WORK TO BE COMPLETED: Which lines below contain the word "Hotel"? Copy each of them.

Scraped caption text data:
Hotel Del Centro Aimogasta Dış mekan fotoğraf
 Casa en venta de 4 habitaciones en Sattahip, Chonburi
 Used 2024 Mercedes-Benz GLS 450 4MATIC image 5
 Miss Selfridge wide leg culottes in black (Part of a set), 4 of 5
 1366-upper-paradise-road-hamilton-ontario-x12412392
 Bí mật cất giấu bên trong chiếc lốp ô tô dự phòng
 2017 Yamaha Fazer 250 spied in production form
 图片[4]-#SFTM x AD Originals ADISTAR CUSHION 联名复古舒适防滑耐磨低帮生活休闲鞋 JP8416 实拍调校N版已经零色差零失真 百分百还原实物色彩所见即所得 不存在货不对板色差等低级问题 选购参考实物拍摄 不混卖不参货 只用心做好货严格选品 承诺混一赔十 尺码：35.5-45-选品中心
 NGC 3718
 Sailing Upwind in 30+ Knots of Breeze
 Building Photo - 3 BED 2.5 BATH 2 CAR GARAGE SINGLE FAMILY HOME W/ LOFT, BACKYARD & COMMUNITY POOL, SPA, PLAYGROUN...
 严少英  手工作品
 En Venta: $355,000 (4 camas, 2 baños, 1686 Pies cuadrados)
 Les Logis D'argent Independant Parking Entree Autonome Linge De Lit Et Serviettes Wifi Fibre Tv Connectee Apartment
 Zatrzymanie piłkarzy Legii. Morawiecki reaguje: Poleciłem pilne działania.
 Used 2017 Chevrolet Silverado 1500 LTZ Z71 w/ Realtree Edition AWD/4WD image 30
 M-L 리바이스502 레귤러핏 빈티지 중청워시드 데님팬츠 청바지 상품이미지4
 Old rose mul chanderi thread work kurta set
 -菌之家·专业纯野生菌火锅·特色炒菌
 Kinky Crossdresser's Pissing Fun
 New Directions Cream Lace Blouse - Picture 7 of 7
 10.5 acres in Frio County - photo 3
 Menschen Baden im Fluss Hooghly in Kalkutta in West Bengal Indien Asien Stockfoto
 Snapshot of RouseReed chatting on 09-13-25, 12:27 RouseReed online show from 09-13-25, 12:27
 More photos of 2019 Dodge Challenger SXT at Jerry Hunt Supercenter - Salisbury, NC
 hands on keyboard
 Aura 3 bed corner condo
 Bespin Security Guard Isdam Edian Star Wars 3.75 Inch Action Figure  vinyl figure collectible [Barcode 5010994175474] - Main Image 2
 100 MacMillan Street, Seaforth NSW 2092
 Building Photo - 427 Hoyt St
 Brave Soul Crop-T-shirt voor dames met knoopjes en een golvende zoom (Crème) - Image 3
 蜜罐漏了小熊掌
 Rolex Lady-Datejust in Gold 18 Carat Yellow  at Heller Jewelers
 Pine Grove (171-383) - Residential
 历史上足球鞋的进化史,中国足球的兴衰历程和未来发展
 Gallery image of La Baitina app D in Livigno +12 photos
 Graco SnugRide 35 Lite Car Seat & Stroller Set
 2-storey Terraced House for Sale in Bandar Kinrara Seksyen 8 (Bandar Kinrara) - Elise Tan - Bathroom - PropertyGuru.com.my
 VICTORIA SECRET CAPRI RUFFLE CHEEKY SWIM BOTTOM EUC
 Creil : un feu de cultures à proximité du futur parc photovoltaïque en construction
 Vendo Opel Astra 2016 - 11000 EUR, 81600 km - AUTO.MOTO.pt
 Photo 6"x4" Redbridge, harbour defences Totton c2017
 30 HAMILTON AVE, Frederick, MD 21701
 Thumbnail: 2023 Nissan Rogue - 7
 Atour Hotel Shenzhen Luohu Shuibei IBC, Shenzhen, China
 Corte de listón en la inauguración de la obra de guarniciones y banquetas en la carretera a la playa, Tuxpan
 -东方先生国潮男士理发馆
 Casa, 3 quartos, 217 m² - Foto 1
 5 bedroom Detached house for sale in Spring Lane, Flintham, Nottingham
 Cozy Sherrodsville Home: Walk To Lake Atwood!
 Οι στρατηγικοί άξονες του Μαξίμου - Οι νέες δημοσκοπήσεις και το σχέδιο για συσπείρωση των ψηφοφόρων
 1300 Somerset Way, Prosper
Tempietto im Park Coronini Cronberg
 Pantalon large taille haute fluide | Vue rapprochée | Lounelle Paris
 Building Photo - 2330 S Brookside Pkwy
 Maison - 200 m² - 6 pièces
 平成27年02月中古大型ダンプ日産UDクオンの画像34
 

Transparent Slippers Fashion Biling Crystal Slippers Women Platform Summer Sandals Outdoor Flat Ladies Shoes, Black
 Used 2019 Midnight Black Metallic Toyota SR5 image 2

OUTPUT:
Hotel Del Centro Aimogasta Dış mekan fotoğraf
 Atour Hotel Shenzhen Luohu Shuibei IBC, Shenzhen, China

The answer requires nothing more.